Текст книги "Избранное"
Автор книги: Леонид Леонов
Жанры:
Советская классическая проза
,сообщить о нарушении
Текущая страница: 43 (всего у книги 45 страниц)
Ярость
Пусть скорбь о безвинно убитых женщинах и детях наших будет потом, когда совершится мщение. А пока лишь сжимаются кулаки, и уже недостаточным оказывается бедный инструмент человеческой речи. Советские пушки и автоматы полнее и убедительнее выразят наши немое презрение и ярость, что рождаются при чтении обвинительного акта. Прочти его, советский солдат, перед тем, как итти в атаку, – сквозь знойную декабрьскую позёмку, сквозь крепкий морозец нашей зимы, – и самые прославленные узлы германской обороны не покажутся тебе неприступными.

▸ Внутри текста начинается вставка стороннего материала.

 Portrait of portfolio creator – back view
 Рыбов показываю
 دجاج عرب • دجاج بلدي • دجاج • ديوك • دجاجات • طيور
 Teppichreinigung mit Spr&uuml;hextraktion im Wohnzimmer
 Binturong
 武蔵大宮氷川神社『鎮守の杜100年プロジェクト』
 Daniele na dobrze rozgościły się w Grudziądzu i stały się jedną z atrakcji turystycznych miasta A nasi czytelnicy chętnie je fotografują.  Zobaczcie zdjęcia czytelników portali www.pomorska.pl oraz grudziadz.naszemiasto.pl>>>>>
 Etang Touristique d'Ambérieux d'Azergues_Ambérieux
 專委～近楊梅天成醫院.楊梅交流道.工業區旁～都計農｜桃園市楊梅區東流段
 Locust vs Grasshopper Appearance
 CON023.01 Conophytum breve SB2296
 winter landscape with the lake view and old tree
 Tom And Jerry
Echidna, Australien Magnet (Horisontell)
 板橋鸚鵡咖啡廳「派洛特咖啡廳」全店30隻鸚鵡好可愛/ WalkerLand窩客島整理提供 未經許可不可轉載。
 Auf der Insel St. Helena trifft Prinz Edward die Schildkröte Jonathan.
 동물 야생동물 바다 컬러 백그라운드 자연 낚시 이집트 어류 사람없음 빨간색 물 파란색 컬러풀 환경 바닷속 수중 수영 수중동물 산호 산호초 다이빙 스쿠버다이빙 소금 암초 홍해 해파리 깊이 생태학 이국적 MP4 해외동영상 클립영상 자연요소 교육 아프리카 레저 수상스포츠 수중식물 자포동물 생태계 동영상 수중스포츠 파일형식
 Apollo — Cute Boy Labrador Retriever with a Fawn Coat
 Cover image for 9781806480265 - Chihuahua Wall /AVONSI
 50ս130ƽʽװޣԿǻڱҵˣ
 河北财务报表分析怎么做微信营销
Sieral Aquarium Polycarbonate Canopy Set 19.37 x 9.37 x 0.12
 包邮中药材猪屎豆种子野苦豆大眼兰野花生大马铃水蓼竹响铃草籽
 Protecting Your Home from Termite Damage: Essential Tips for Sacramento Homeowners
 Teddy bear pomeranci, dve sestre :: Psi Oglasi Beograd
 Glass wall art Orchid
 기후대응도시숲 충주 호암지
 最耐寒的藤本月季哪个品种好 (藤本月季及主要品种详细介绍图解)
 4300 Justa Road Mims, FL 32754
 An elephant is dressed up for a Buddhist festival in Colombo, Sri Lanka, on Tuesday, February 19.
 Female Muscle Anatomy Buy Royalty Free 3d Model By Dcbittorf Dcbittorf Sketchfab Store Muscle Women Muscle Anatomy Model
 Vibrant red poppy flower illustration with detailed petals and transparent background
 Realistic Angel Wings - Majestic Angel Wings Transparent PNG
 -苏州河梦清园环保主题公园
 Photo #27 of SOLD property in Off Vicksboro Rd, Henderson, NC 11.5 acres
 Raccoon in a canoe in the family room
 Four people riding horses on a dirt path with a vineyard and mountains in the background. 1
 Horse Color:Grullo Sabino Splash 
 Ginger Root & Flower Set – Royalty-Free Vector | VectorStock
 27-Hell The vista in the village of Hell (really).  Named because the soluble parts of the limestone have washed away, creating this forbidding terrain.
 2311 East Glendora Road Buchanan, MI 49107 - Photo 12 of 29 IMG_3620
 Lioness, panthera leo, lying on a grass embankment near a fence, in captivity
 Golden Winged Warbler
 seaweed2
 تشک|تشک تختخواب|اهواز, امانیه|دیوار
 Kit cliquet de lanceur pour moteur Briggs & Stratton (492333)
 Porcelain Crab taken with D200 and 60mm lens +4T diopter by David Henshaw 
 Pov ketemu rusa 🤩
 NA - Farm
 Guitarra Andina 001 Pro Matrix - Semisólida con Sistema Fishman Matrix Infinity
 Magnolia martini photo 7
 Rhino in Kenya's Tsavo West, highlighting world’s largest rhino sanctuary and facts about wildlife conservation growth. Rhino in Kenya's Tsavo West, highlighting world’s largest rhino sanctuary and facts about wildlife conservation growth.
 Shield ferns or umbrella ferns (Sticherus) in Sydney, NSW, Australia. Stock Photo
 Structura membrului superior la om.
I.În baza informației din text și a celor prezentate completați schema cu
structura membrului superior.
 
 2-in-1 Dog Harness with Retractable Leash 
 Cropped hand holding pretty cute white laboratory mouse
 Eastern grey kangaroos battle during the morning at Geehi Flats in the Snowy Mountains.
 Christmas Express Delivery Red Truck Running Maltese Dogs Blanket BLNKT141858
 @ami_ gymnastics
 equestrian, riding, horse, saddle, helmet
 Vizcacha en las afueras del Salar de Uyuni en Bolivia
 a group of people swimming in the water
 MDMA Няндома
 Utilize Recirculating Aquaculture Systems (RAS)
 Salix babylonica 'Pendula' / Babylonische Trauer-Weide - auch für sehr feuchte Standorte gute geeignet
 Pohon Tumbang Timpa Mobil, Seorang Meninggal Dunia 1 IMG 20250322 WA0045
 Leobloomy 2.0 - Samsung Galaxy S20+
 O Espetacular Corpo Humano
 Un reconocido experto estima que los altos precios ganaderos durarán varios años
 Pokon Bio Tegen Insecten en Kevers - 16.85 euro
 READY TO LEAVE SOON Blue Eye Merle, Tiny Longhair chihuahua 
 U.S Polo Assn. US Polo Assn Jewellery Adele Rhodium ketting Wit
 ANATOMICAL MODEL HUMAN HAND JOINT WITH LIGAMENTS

В любой стране, в любой войне эту двуногую тварь – садистов в военных мундирах, худшую разновидность убийц – пристреливают у помойки, как собак.
Нынешний процесс в Харькове – это процесс, где раскрывается самая суть фашизма, этому процессу будет отведена особая страница в истории отечественной войны. И нужно для справедливости и для будущего здоровья мира, чтобы каждая деталь этих кромешных подвигов нынешних нибелунгов получила всемирную огласку. И вот, прежде чем сказать последнее и веское слово приговора, мы выслушиваем их показанья в напряжённой тишине, записываем на бумагу их речи, стараясь клинически понять животную логику зверя, заступом разрубавшего голову младенца. Нынче советский гуманизм судит ублюдков фашистской Германии во всей красе их нордических доблестей.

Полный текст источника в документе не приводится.